**WORK TO BE COMPLETED**
Print each entry in full, word for word, with no pictures in the result.

(Spatial localization data)
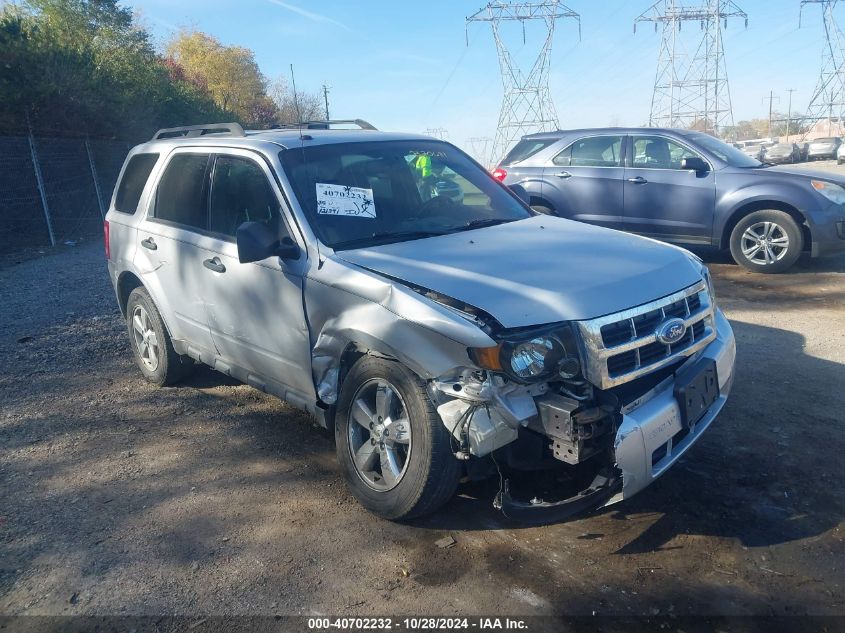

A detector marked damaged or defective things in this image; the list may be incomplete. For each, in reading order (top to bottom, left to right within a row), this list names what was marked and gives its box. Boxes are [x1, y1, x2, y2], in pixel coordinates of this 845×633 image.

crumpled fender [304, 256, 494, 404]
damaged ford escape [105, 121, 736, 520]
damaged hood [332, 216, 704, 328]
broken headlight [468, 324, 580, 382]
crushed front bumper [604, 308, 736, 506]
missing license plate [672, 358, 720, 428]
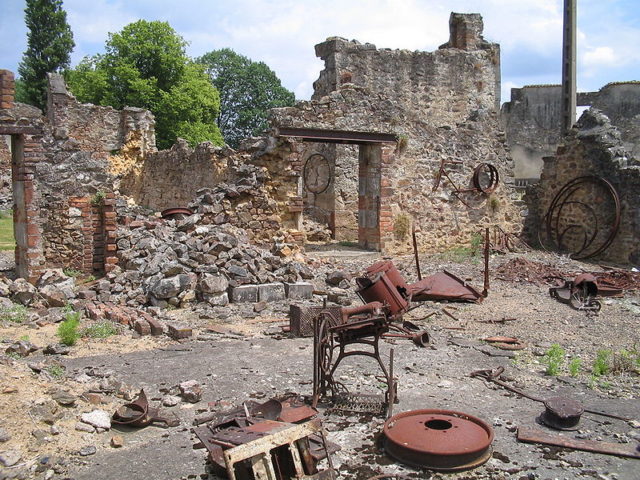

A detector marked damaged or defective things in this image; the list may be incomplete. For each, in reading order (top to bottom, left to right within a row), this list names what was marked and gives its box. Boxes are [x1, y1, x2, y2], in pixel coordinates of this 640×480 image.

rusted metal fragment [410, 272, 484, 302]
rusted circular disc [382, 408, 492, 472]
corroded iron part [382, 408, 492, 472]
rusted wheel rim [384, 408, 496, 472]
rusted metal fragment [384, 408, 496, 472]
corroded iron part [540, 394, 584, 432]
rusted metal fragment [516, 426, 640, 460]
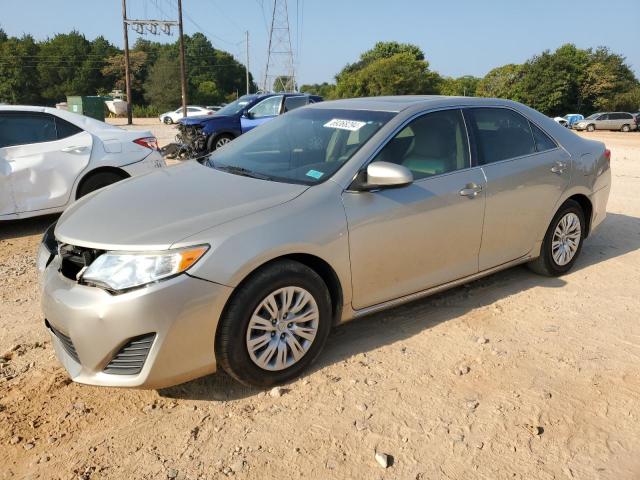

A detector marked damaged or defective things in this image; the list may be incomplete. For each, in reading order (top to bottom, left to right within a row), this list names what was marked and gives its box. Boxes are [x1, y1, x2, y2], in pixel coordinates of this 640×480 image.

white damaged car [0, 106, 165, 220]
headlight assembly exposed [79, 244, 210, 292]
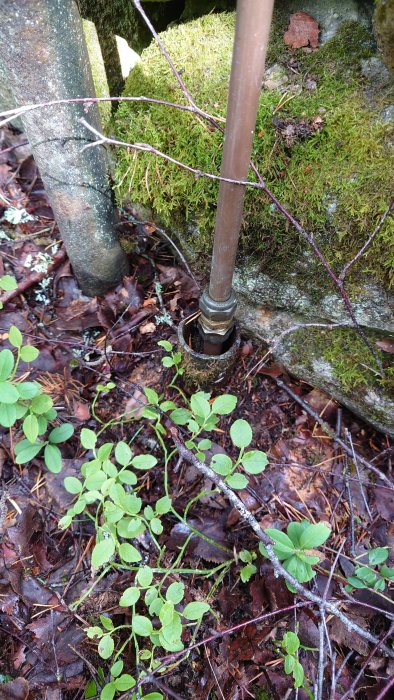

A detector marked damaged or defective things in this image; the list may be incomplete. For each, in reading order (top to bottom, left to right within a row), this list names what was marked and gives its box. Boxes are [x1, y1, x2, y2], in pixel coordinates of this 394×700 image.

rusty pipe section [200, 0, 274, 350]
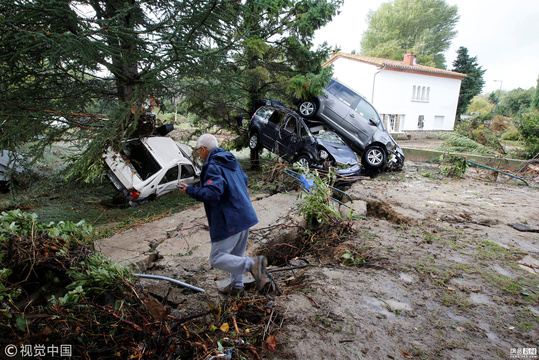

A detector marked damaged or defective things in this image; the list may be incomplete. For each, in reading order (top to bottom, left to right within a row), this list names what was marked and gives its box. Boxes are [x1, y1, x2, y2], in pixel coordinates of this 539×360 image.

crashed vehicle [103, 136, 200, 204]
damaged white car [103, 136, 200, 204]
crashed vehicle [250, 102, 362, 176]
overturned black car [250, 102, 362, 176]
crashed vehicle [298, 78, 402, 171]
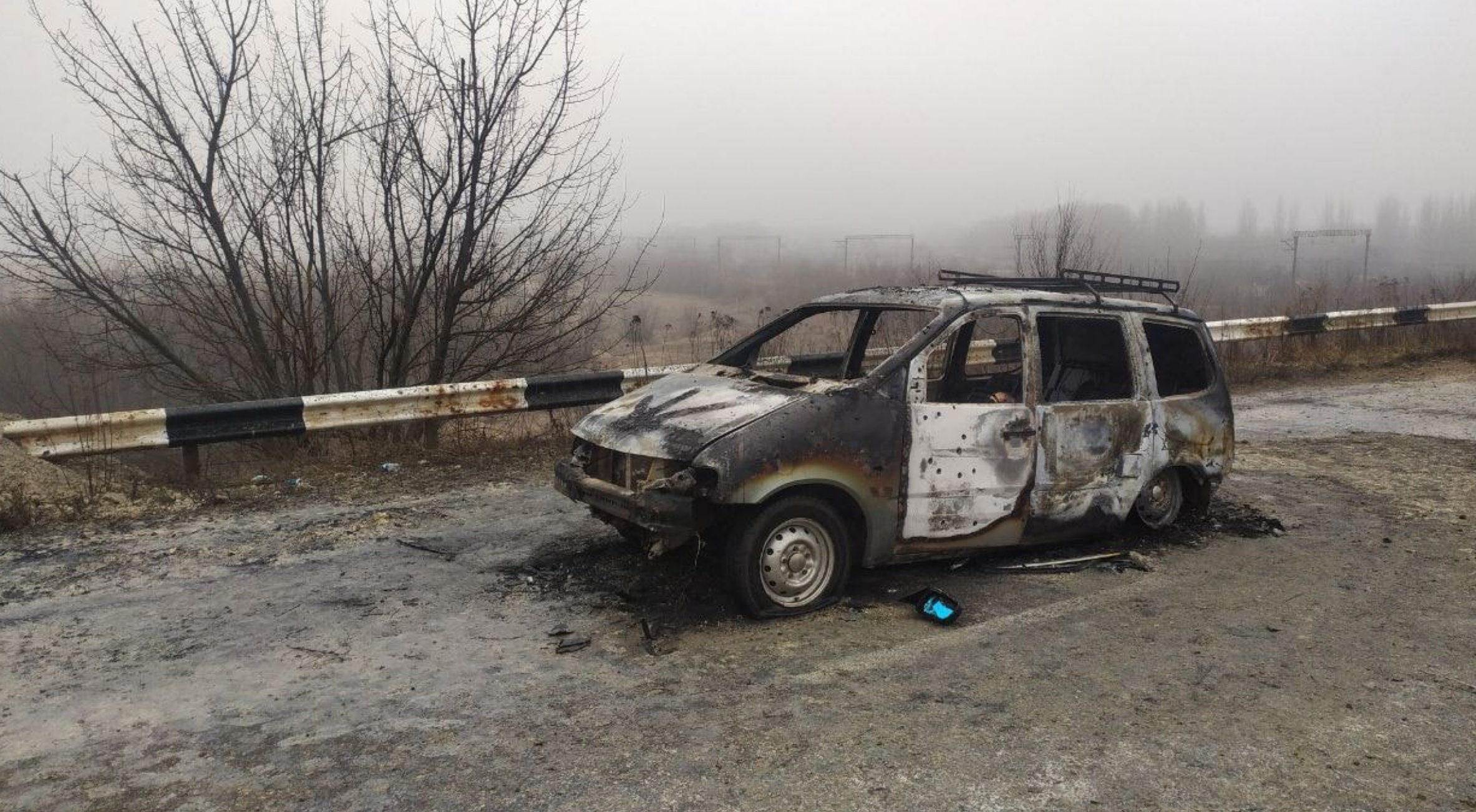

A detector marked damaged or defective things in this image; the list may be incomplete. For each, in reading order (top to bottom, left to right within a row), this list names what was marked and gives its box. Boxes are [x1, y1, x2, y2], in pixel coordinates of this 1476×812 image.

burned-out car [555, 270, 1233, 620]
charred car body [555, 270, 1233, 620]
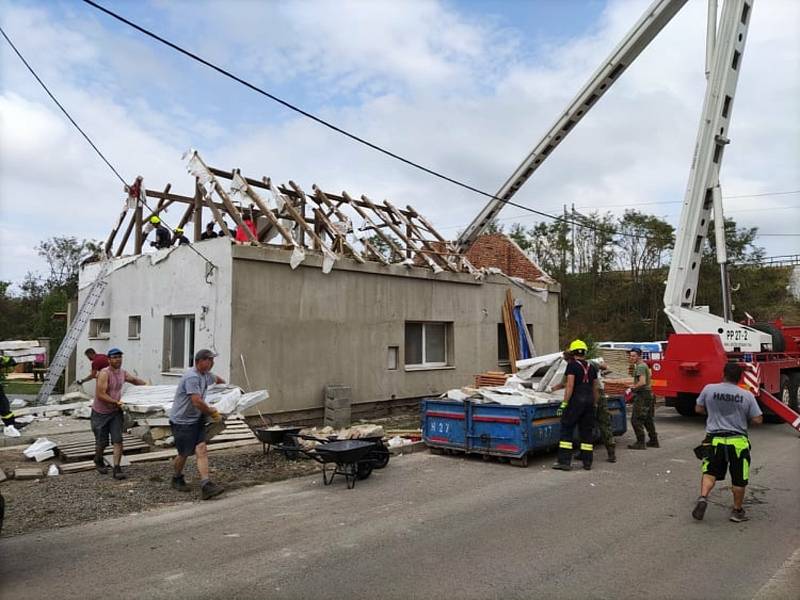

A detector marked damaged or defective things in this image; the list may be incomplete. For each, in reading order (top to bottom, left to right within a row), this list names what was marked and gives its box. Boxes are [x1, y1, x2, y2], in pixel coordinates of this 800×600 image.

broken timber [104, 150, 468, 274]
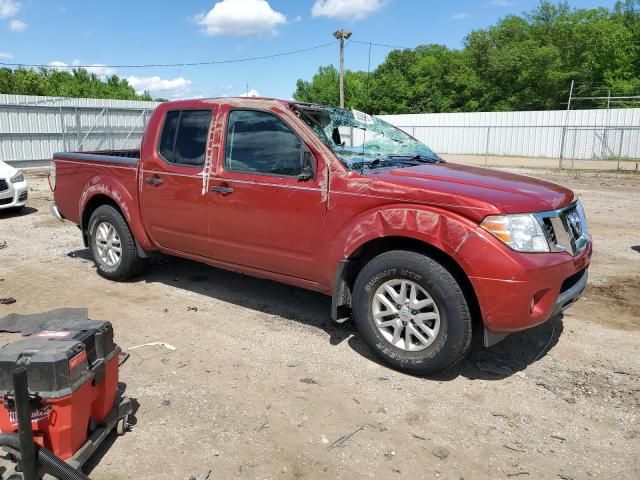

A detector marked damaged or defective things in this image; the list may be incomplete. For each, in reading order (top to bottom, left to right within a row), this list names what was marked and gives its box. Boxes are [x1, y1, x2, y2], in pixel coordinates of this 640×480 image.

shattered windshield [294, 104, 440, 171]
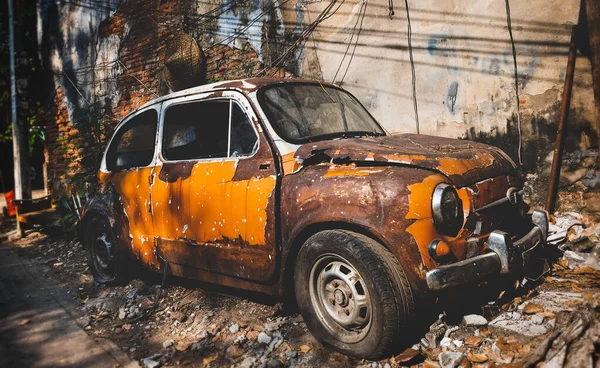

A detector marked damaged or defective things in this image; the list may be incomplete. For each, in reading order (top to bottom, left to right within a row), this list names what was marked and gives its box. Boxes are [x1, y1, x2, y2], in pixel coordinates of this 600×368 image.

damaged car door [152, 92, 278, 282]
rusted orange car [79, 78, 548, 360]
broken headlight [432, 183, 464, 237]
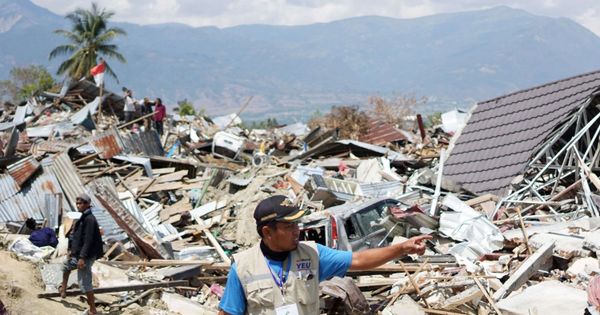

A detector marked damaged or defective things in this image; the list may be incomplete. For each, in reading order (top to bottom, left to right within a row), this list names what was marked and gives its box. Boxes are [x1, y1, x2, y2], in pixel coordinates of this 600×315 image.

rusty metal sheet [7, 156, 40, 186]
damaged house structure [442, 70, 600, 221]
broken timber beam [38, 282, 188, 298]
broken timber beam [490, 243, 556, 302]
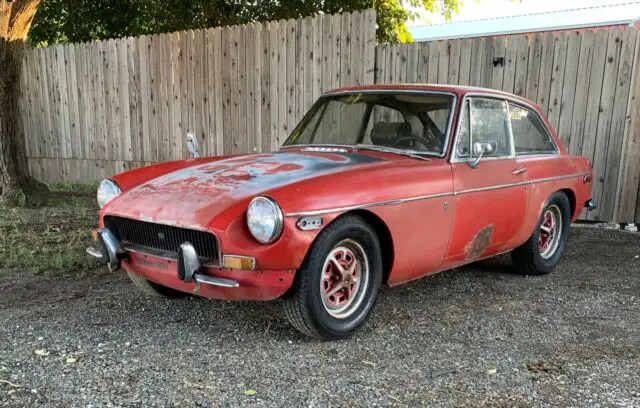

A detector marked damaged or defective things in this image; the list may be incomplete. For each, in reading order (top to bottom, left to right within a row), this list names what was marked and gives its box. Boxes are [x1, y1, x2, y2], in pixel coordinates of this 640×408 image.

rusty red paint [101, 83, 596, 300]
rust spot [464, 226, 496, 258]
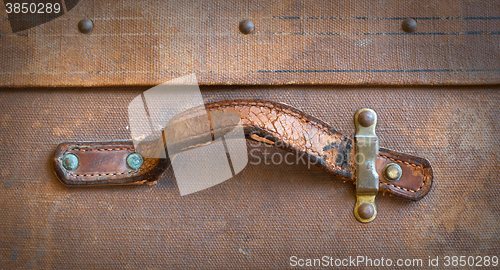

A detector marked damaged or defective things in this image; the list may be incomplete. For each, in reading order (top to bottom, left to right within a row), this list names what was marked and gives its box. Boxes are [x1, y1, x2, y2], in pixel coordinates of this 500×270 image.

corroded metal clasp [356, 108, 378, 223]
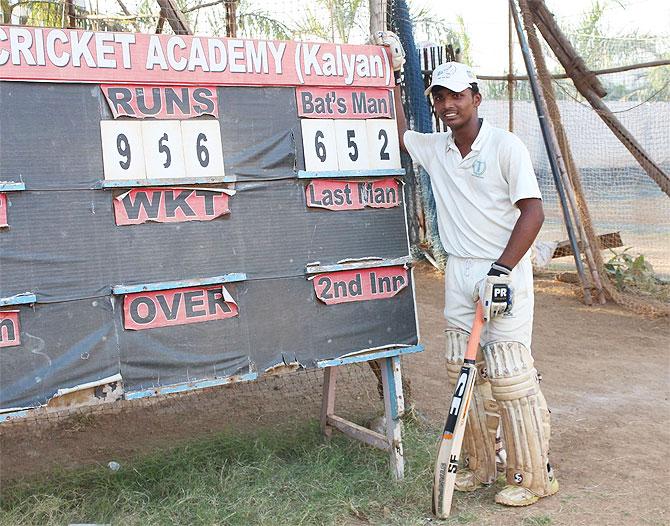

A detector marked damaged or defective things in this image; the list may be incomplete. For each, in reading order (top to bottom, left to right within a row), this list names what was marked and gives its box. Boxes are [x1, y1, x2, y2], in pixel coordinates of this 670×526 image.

**ANSWER BOX**
A detector marked damaged or defective things in this image; the list may be incomplete. For each, in reading order (top to bottom, left to right within a row), this list names what was marked and gives its box. Boxes are [x1, y1, x2, y2], in pixel coordinates of this 845×633 image.

crumpled fender [304, 256, 494, 404]
damaged ford escape [105, 121, 736, 520]
damaged hood [332, 216, 704, 328]
broken headlight [468, 324, 580, 382]
crushed front bumper [604, 308, 736, 506]
missing license plate [672, 358, 720, 428]

A detector marked damaged or defective things in this image; the list may be incomplete. For each, in reading order (top to bottom, left to right within a row), this list names what was marked and gives its box. Boxes are [x1, y1, x2, y2], in pixel coordinates of this 640×480 image.

rusted metal fragment [410, 272, 484, 302]
rusted circular disc [382, 408, 492, 472]
corroded iron part [382, 408, 492, 472]
rusted wheel rim [384, 408, 496, 472]
rusted metal fragment [384, 408, 496, 472]
corroded iron part [540, 394, 584, 432]
rusted metal fragment [516, 426, 640, 460]

A detector marked damaged or defective things in this image; the list may be incomplete. For each, in reading order (top to bottom, left to right within a row), this list names what was marked and gives its box. Boxes are [x1, y1, x2, y2], in pixel coordinates of this 640×480 image.

white damaged car [0, 106, 165, 220]
headlight assembly exposed [79, 244, 210, 292]

A detector marked damaged or defective things in this image; the list may be incomplete. For each, in reading order (top to bottom, left to right within a row), this list names what was marked and gives its box. Boxes are [x1, y1, x2, y2], in pixel coordinates of this 394×700 image.

rusty pipe section [200, 0, 274, 350]

A detector marked damaged or defective things in this image; the list may be incomplete. For each, in reading order (top to bottom, left to right within a row), this list names what was marked and gives its box. Boxes are [x1, y1, x2, y2], in pixel coordinates of this 539×360 image.

crashed vehicle [103, 136, 200, 204]
damaged white car [103, 136, 200, 204]
crashed vehicle [250, 102, 362, 176]
overturned black car [250, 102, 362, 176]
crashed vehicle [298, 78, 402, 171]

A detector marked damaged or defective things in this image; the list may be incomplete. For each, in reading order (top to bottom, left to right within a row), this list names what was marked and gives its box. Boxes are [x1, y1, x2, y2], in pixel coordinates of this 1476×812 image.

burned-out car [555, 270, 1233, 620]
charred car body [555, 270, 1233, 620]

A detector marked damaged or defective things in this image; the list may be incomplete. For each, in reading order (top to bottom, left to right within a row), this list names what was marked and gives its box. Boxes are [x1, y1, x2, y2], in pixel coordinates of this 800×600 image.

broken timber [104, 150, 468, 274]

A detector marked damaged or defective things in this image; the list may be incomplete. For each, in reading order (top to bottom, left to right within a row), this list names what was marked and gives its box. Boxes are [x1, y1, x2, y2], in pixel coordinates of this 640×480 image.

shattered windshield [294, 104, 440, 171]

A detector marked damaged or defective things in this image; the list may be incomplete. For each, in reading order (top to bottom, left to right within a row), this list names what was marked and gives its box. Boxes are [x1, y1, x2, y2], in pixel coordinates of this 600×368 image.

damaged car door [152, 92, 278, 282]
rusted orange car [79, 78, 548, 360]
broken headlight [432, 183, 464, 237]

A detector marked damaged or defective things in this image; the list may be incomplete. For each, in reading order (top to bottom, left to right within a row), this list names what was marked and gives its box. Boxes are [x1, y1, x2, y2], in pixel coordinates of this 600×315 image.

rusty metal sheet [7, 156, 40, 186]
damaged house structure [442, 70, 600, 221]
broken timber beam [38, 282, 188, 298]
broken timber beam [490, 243, 556, 302]

A detector marked damaged or defective things in this image; the list may be incomplete. For each, in reading order (top to bottom, left to right within a row), this list names what was marked and gives its box. Boxes are [x1, y1, x2, y2], in pixel coordinates of this 640×408 image.

rusty red paint [101, 83, 596, 300]
rust spot [464, 226, 496, 258]

A detector marked damaged or defective things in this image; the list may be incomplete. For each, in reading order (top to bottom, left to right within a row), this list names what was marked and gives its box. Boxes are [x1, y1, x2, y2], in pixel coordinates of this 500×270 image.

corroded metal clasp [356, 108, 378, 223]

A detector marked damaged or defective things in this image; the list may be incomplete. For each, in reading order (top to bottom, left to right within a row), this list names what was marked and gives its box. Boxes are [x1, y1, x2, y2], in pixel coordinates of this 670×526 image.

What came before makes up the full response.